> Exercise input
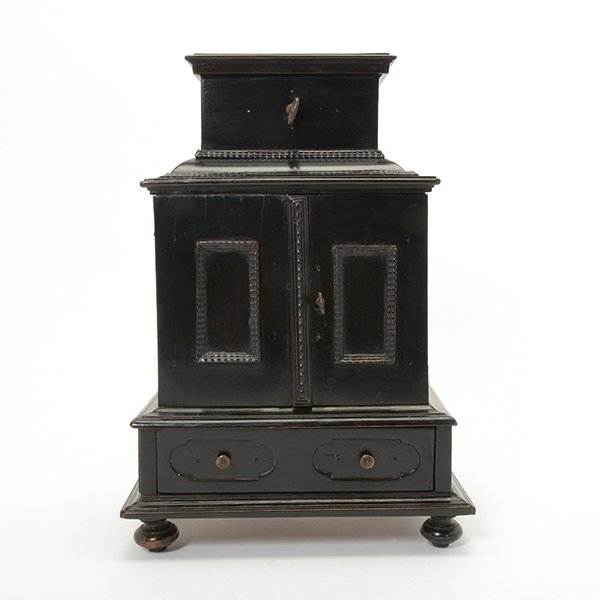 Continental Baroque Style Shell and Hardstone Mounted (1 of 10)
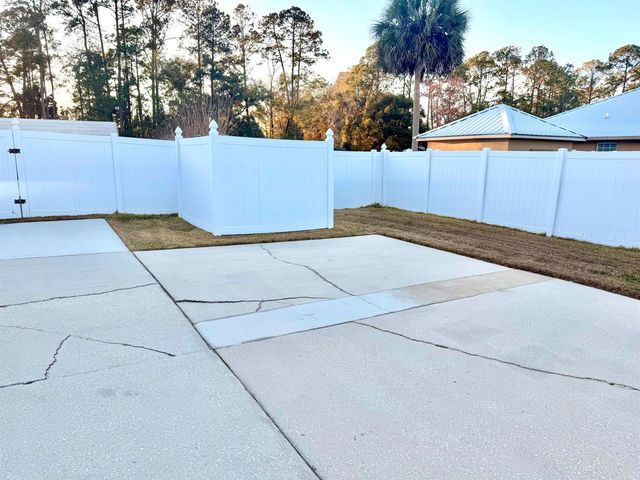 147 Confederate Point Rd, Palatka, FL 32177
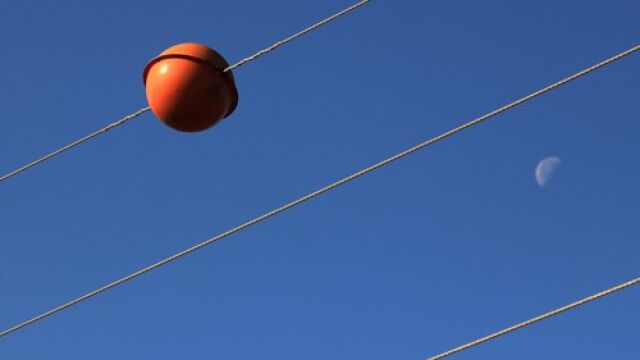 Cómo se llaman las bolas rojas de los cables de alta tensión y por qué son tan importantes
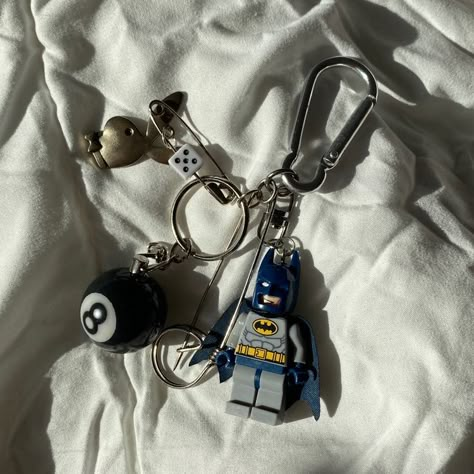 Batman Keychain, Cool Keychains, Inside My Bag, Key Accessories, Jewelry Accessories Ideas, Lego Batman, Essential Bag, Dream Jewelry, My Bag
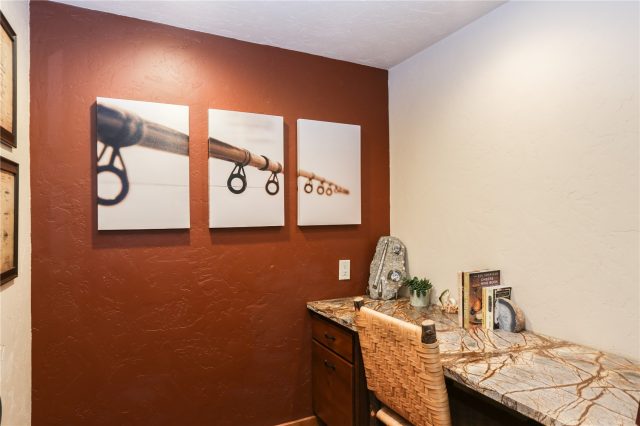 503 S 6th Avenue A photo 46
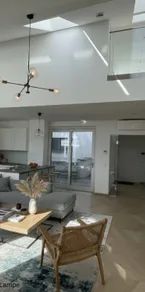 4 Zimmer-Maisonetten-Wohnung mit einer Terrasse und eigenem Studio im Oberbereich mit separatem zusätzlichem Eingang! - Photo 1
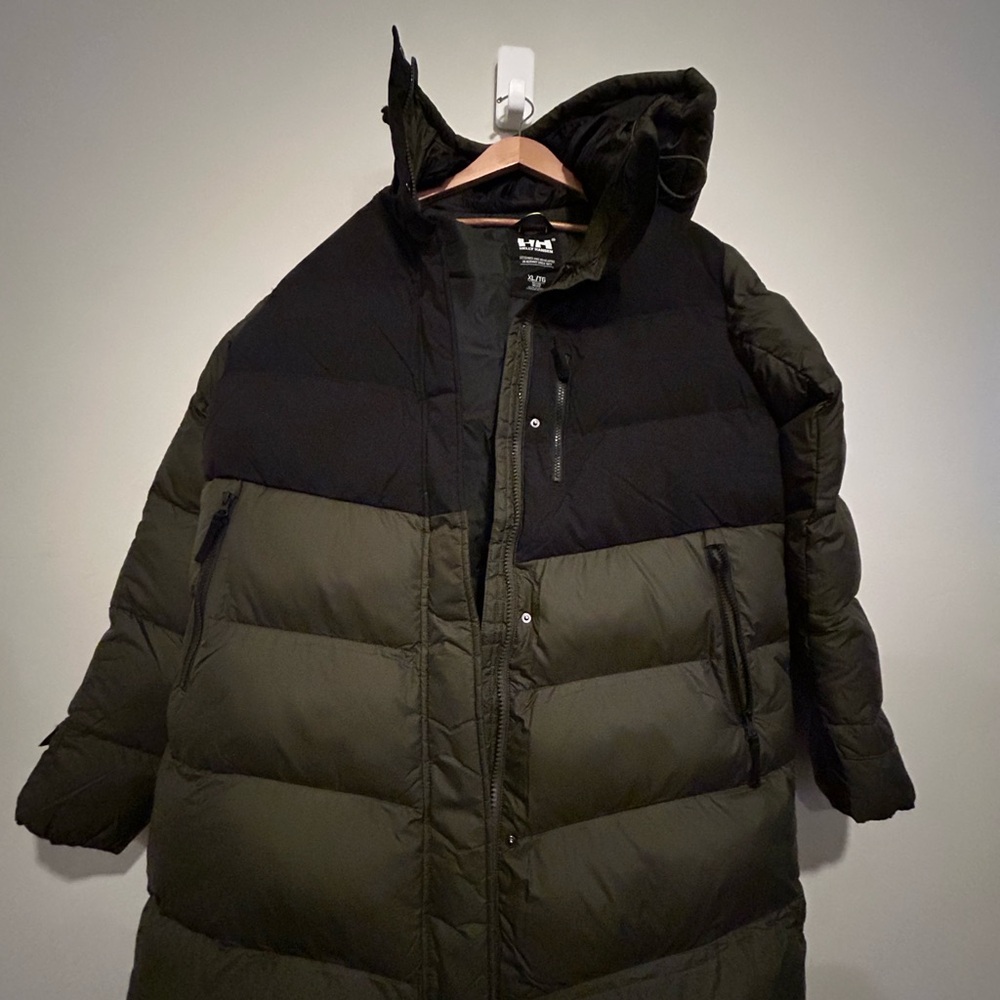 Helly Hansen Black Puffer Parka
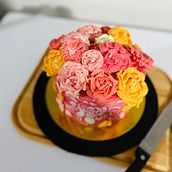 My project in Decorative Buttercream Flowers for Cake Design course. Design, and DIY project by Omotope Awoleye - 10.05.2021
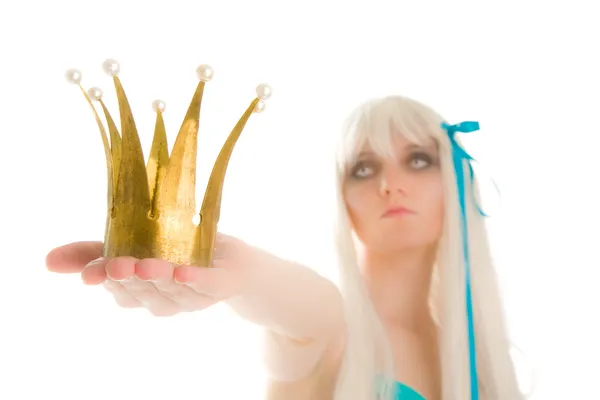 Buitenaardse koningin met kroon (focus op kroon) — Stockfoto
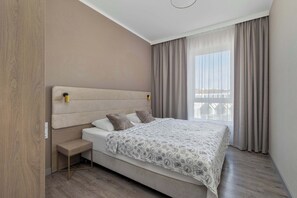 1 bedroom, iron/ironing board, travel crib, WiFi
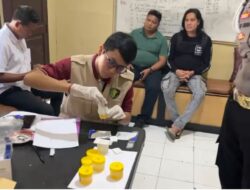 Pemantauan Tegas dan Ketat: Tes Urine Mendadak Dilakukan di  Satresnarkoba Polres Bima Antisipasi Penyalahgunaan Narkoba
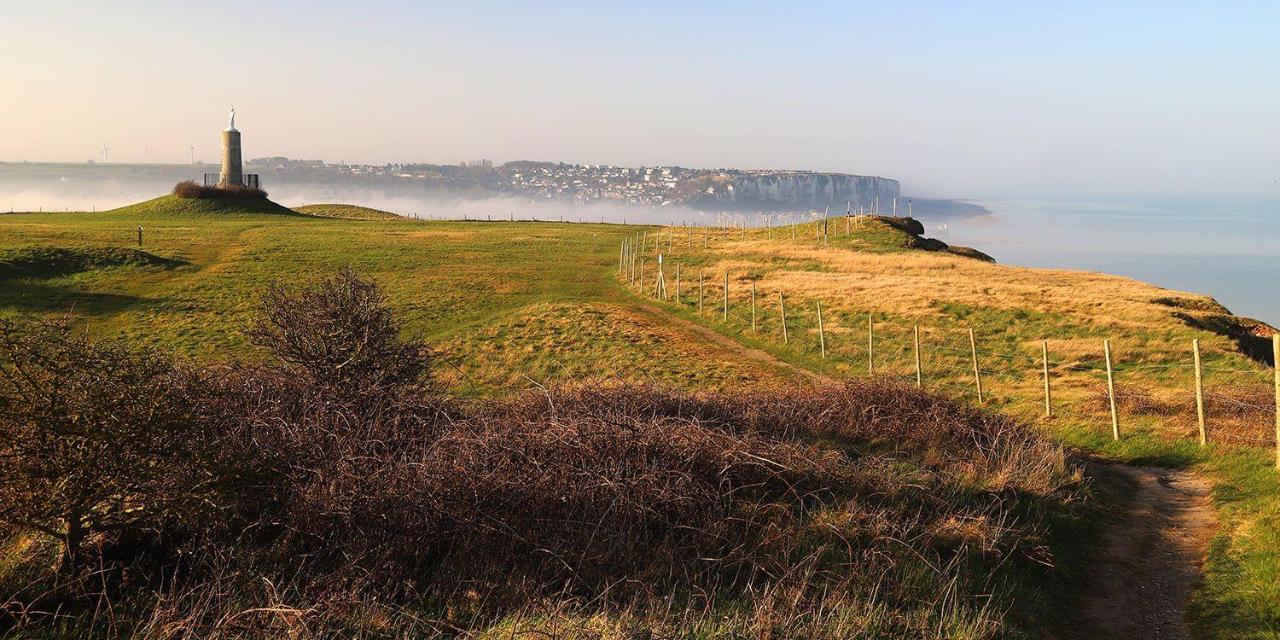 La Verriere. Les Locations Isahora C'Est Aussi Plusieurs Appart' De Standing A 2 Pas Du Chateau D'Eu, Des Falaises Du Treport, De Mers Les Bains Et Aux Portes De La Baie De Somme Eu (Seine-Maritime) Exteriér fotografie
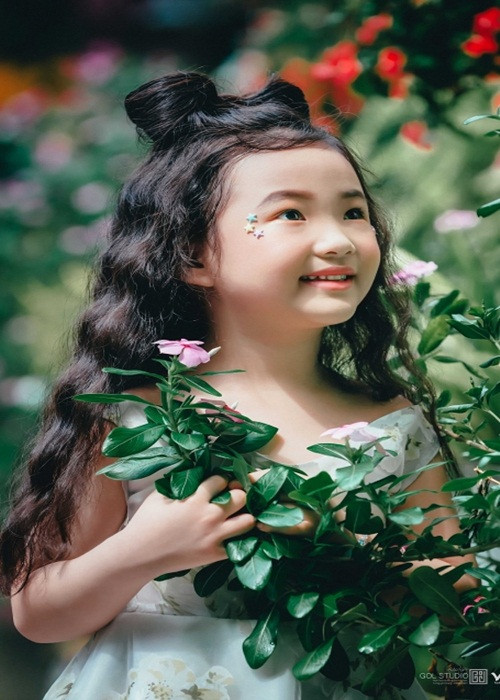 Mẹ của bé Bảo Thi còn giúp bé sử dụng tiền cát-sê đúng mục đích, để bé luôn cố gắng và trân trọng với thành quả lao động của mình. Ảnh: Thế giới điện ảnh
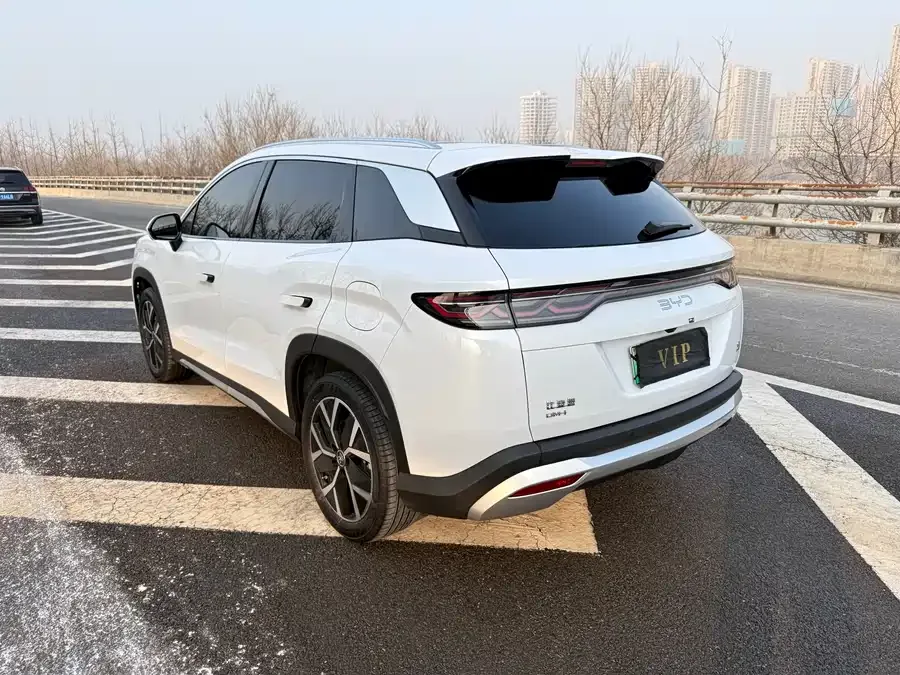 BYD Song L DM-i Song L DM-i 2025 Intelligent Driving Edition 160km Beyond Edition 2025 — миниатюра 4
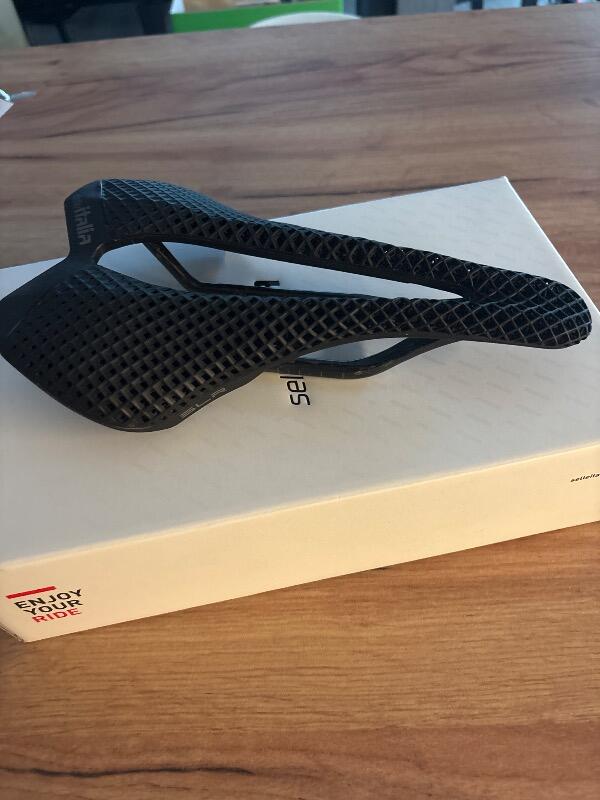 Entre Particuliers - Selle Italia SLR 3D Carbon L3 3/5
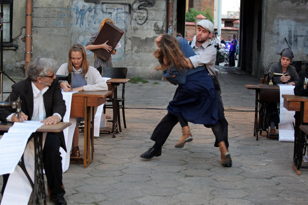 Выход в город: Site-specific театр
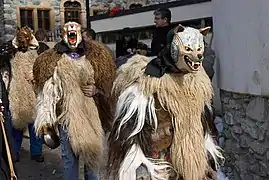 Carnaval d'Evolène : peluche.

> Problem requirements
From the first line to the last, write out the data above exactly. Omit the pictures.

> Finished exercise
 Continental Baroque Style Shell and Hardstone Mounted (1 of 10)
 147 Confederate Point Rd, Palatka, FL 32177
 Cómo se llaman las bolas rojas de los cables de alta tensión y por qué son tan importantes
 Batman Keychain, Cool Keychains, Inside My Bag, Key Accessories, Jewelry Accessories Ideas, Lego Batman, Essential Bag, Dream Jewelry, My Bag
 503 S 6th Avenue A photo 46
 4 Zimmer-Maisonetten-Wohnung mit einer Terrasse und eigenem Studio im Oberbereich mit separatem zusätzlichem Eingang! - Photo 1
 Helly Hansen Black Puffer Parka
 My project in Decorative Buttercream Flowers for Cake Design course. Design, and DIY project by Omotope Awoleye - 10.05.2021
 Buitenaardse koningin met kroon (focus op kroon) — Stockfoto
 1 bedroom, iron/ironing board, travel crib, WiFi
 Pemantauan Tegas dan Ketat: Tes Urine Mendadak Dilakukan di  Satresnarkoba Polres Bima Antisipasi Penyalahgunaan Narkoba
 La Verriere. Les Locations Isahora C'Est Aussi Plusieurs Appart' De Standing A 2 Pas Du Chateau D'Eu, Des Falaises Du Treport, De Mers Les Bains Et Aux Portes De La Baie De Somme Eu (Seine-Maritime) Exteriér fotografie
 Mẹ của bé Bảo Thi còn giúp bé sử dụng tiền cát-sê đúng mục đích, để bé luôn cố gắng và trân trọng với thành quả lao động của mình. Ảnh: Thế giới điện ảnh
 BYD Song L DM-i Song L DM-i 2025 Intelligent Driving Edition 160km Beyond Edition 2025 — миниатюра 4
 Entre Particuliers - Selle Italia SLR 3D Carbon L3 3/5
 Выход в город: Site-specific театр
 Carnaval d'Evolène : peluche.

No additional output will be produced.